Buick Grand National: A Modern Muscle Car

Any discussion about Buick’s history of building performance-oriented vehicles would be incomplete without mentioning the Grand National. Born in the 1980s, a time of Reagan-era excess, the Grand National can best be described as a beast in a tuxedo; a true muscle car that embraced high-end luxury and enough old-school go-fast pony car styling to give it one of the most unique curb profiles of its time. Yet another Buick with a short production run, the Grand National had a six-year lifespan. Considered a high-performance version of the luxurious Regal, the Grand National was named to celebrate the automaker’s victories at the NASCAR Grand National Series.

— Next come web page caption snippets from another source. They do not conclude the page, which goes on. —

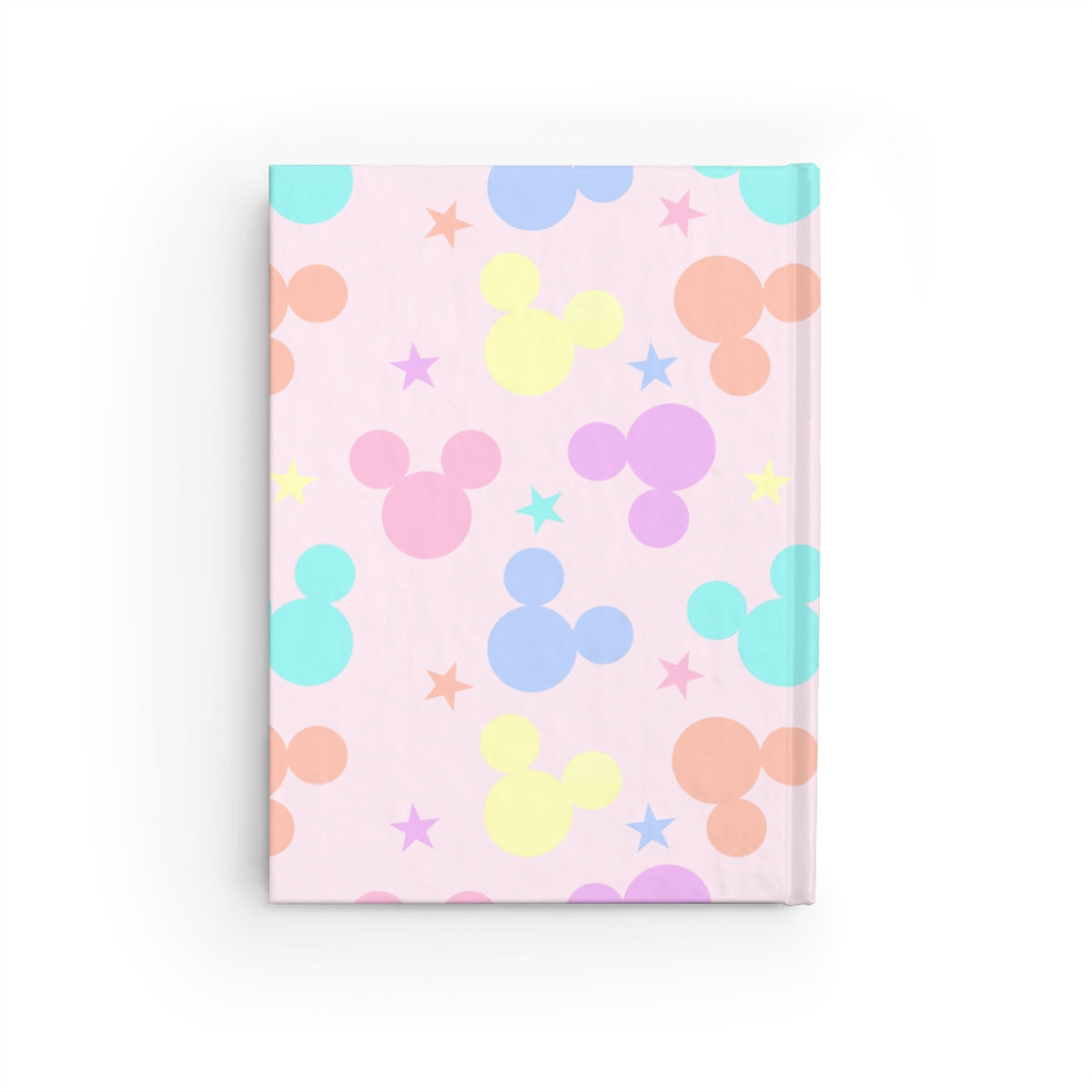 Exclusive Pastel Mouse autograph book - pre order ⭐️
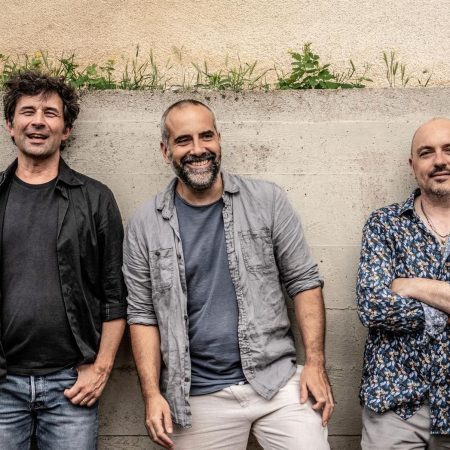 Shōjin (精進) / Jazz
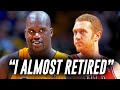 The Complete Compilation Of Shaquille O Neal S Greatest Stories Told By NBA Players Legends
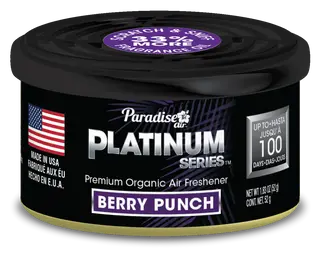 Odorizant organic premium - Berry Punch 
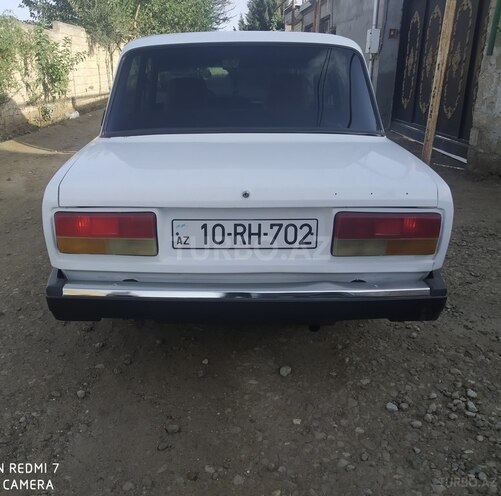 LADA (VAZ) 2107 2006, 89,991 km - 1.6 l - Bakı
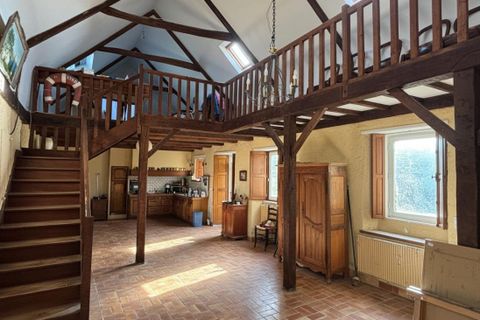 Landejendom i Pleubian, Cotes-d'Armor, Pleubian - € 846.000 | Ref: C4B5134C0C2E4ADC - foto 3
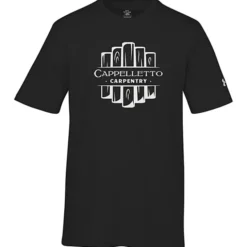 Under Armour Athletic T-Shirt 2.0 - Men's - Screen
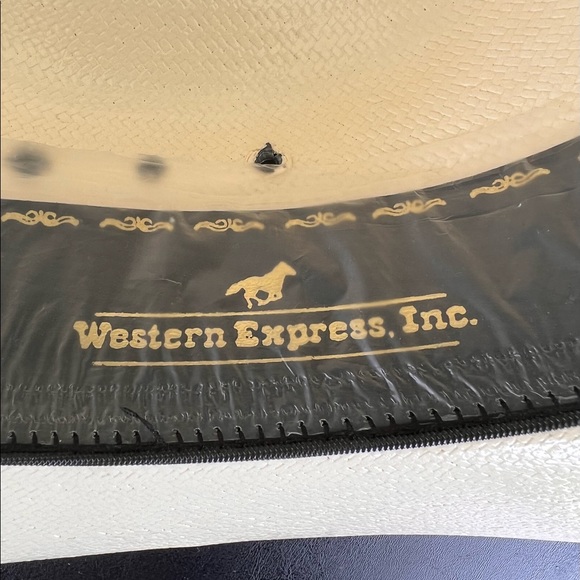 Cowboy Hat - Picture 6 of 7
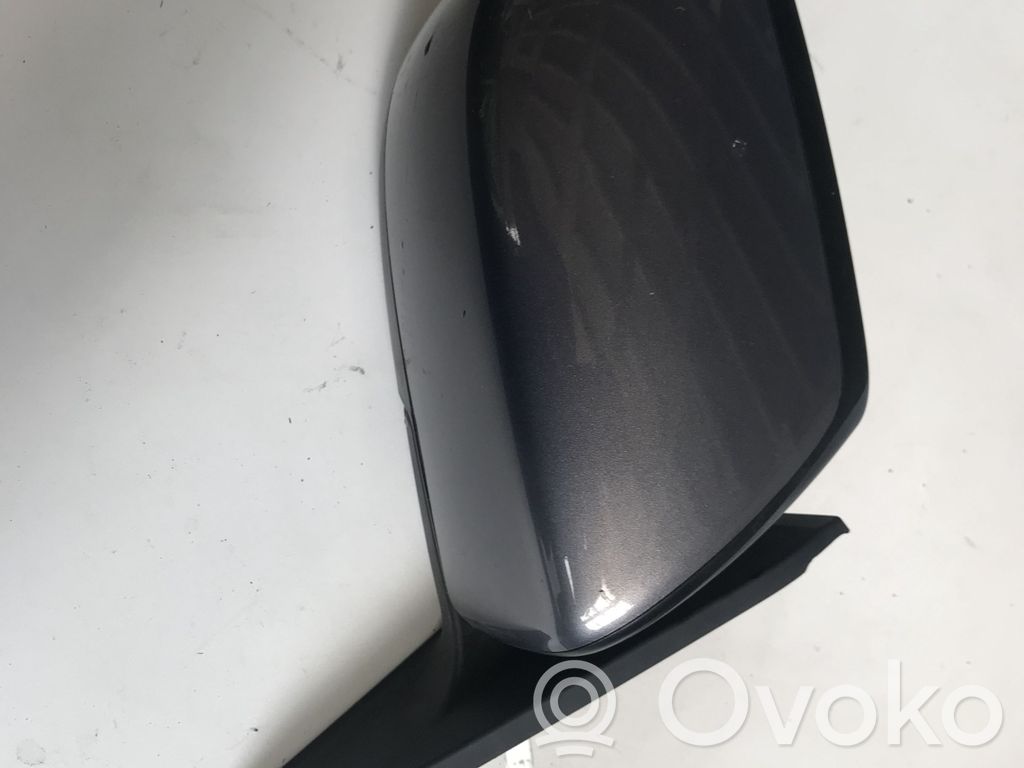 Mazda 5 Elektryczne lusterko boczne drzwi przednich 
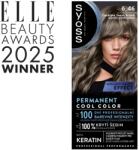 Syoss tartós hajfesték /6-46 hűvös sötétszőke - 1 db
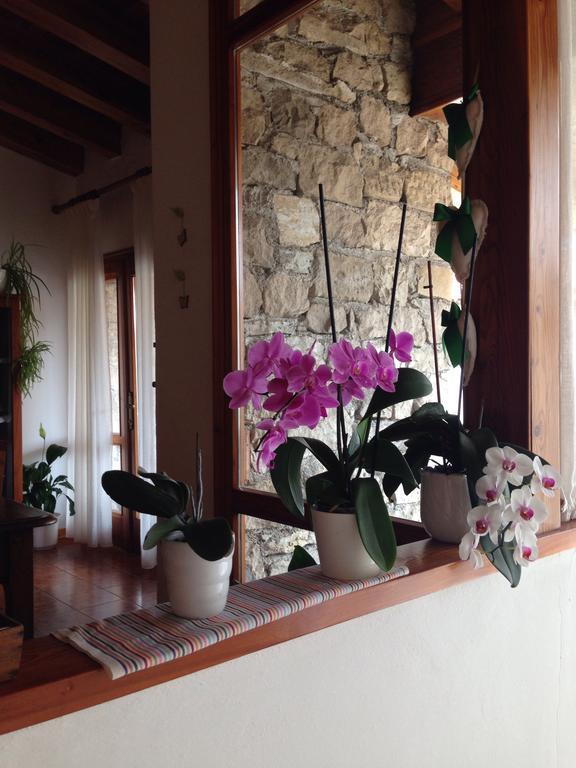 B&B Casa Lisa Miane 外观 照片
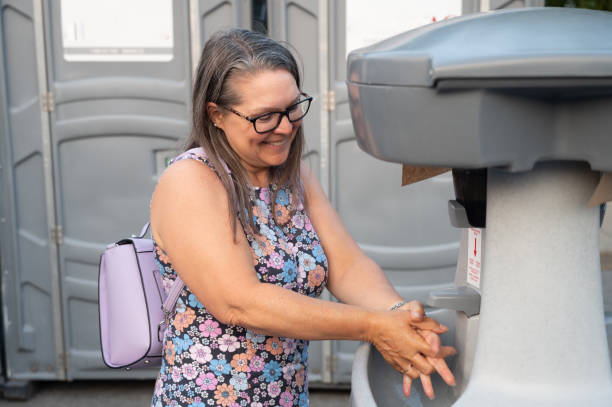 Best Porta potty cleaning services  in Upland, CA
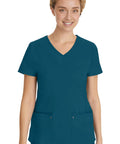 Healing Hands Juliet Scrub Top 2245  Simply Scrubs Australia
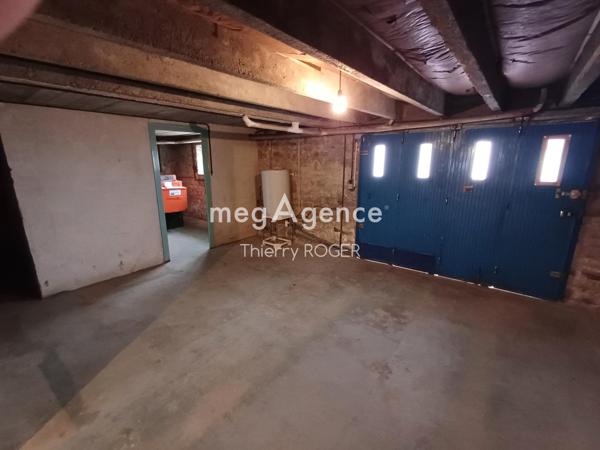 Maison à BONO, 56400 - 5 pièces 75m²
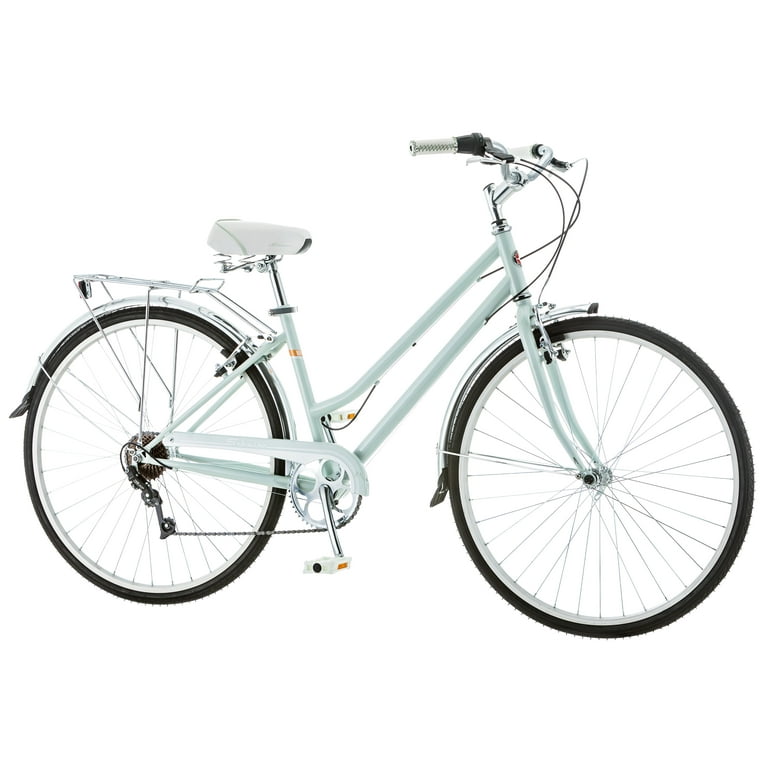Schwinn Women s Wayfarer 700C Hybrid Walmart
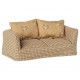 Sofa, Mus - Mable Sofa, Mus - Mable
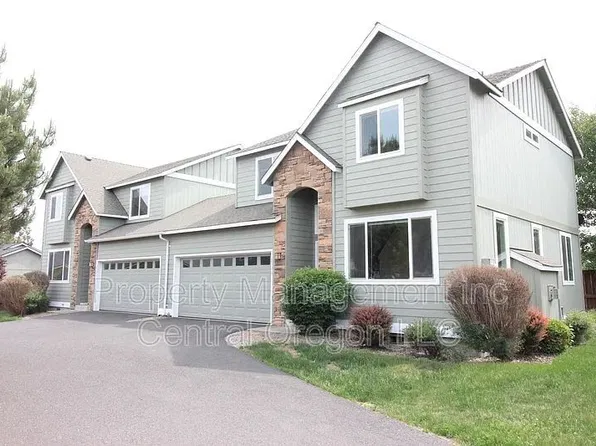 2524 SW Cascade Mountain Ln, Redmond, OR 97756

Powering Buick’s luxury performance sedan was a turbocharged V6, the most powerful of which was capable of making 276 horsepower and 360 lb-ft of torque. Clocked at a zero-to-sixty time of under five seconds, the Grand National earned a reputation for being quick off-the-line, which eventually led to an increasing number of winning appearances at the country’s drag strips. With an exclusively black paint scheme and an angry, aggressive stance, the Grand National embodied Buick’s commitment to raw performance.

What made the Grand National so unique wasn’t its raw power; it was the way Buick married that power with uncommon luxury. Equal parts luxury and performance, the 1987 Buick GNX, a limited-run special Grand National trim, became known as the “velvet hammer” among automotive journalists. The plan was to only make 500, which was an homage to the Indy 500 and the Daytona 500, according to Mike Doble, Buick’s advanced concepts manager at the time, but 547 eventually left the production line.

Car and Driver called the Grand National the “last old-school American muscle car.” After a grand finale with the powerful GNX, Buick retired the Grand National in favor of more practical models. With so few available, the Grand National continues to be hit on the classic car market. Perhaps it’s time to bring the beloved muscle car back––possibly as an EV version.

The Enduring Buick Legacy

Looking back on Buick’s varied history, it’s evident that the automaker’s reputation for building iconic vehicles is well-earned. Buick’s legacy is filled with models that have left an indelible mark on the automotive landscape. The elegant Riviera, the evolving Roadmaster, and the street-savvy Grand National are just a few of Buick’s notable triumphs. Other models like the Electra and the Skylark also occupy a prominent place in automotive history.

In a time when vehicle design feels a little too homogenous, reintroducing iconic Buick models is just what the industry needs to spark America’s love for the automobile. Buick’s unique ability to blend luxury and performance into a winning design is evident across the current lineup, but pulling in the history associated with its storied past could attract a whole different buyer to the premium Buick brand.